In the present case the error of counsel consisted of his failure to grasp the very real possibility that Washington was guilty of only attempted forgery or attempted theft and to so advise his client. The bill of information accused Washington of committing forgery with a check which was “not signed.” The check, in fact, had not been signed. Forgery is the false making or altering, with intent to defraud, of any signature to, or any part of, any writing purporting to have legal efficacy. La. R.S. 14:72. Accordingly, to convict a defendant of forgery, the prosecution must prove, inter alia, that the altered or fabricated writing in question purported to have legal efficacy. Thus, it is possible to defend against a forgery prosecution on the ground that the instrument allegedly forged did not purport to have legal effect as a bill, check, note or other particular type of legally binding instrument. See Poe v. People, 163 Colo. 20, 428 P.2d 77 (1967); Wall’s Case, 2 East P.C. 953 (1800); Annot. 174 A.L.R. 1300 (1948); Model Penal Code and Commentaries § 224.1 (1980); 36 Am.Jur.2d §§ 24, 25. Such a defense appeared to exist in this case. The instrument had no legal effect as to the ostensible drawer, the LSU Urology Alumni Fund, because it was not even purportedly signed by that party. No person is liable on an instrument unless his signature appears thereon. La.R.S. 10:3-401; see Columbia Finance Corporation v. Robitcheck, 243 La. 1084, 150 So.2d 23 (1963). Counsel’s failure to recognize this evident defense and his failure to explore this glaring weakness in the state’s forgery case against Washington before allowing him to plead was not assistance “within the range of competence demanded of attorneys in criminal cases.” McMann v. Richardson, supra.

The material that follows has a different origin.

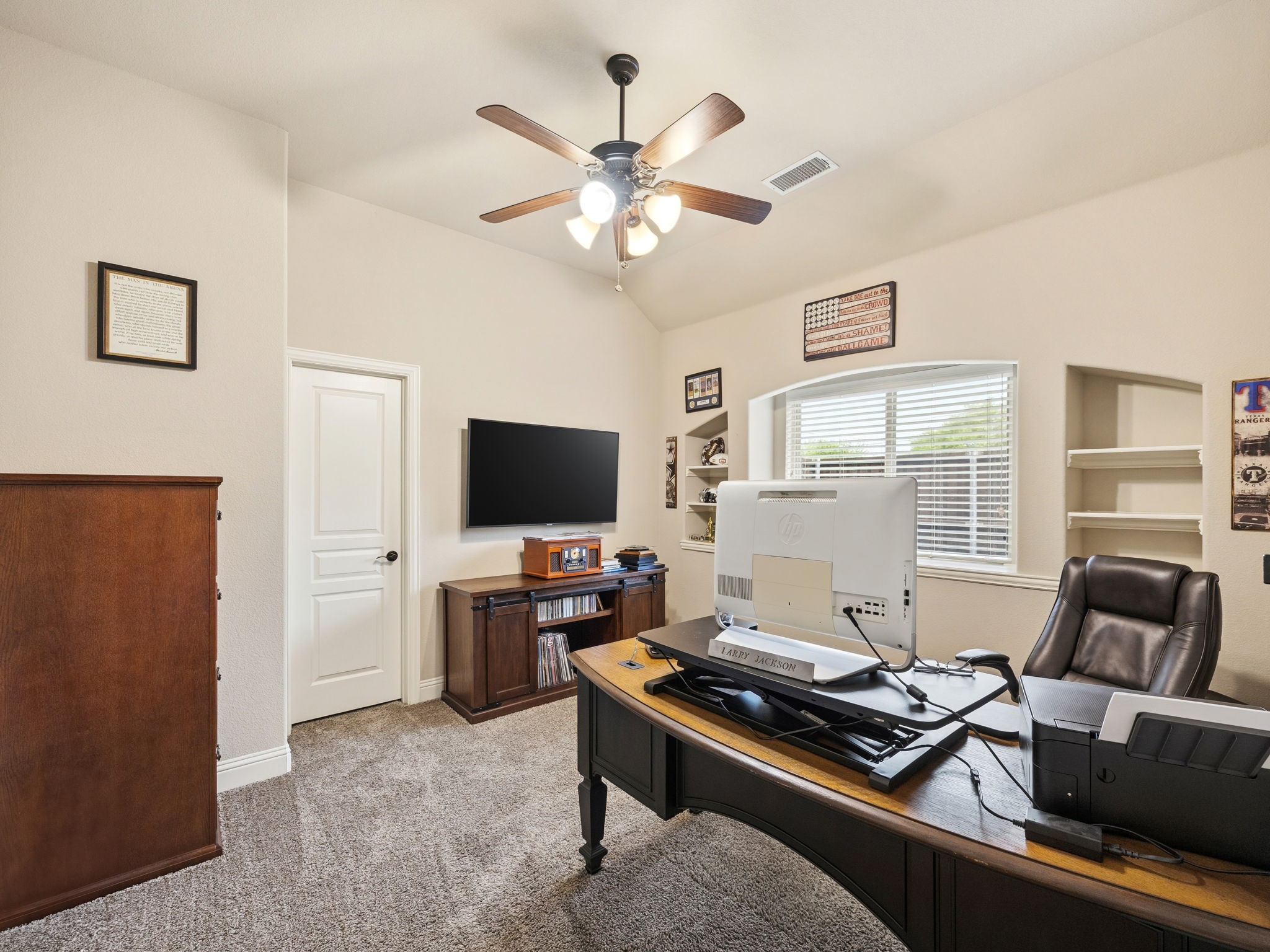 703 Hammond, Wylie, TX, 75098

Counsel was probably also ineffective because of his failure to advise his client of his right to a jury trial. The plea judge advised Washington only that he had a right to a trial. Counsel could not remember whether he informed Washington of this right or even say that it was probable that he did so. Counsel’s failure to advise his client on this issue before or during the plea proceeding easily could have left Washington with the reasonable impression that only a bench trial would be available to him.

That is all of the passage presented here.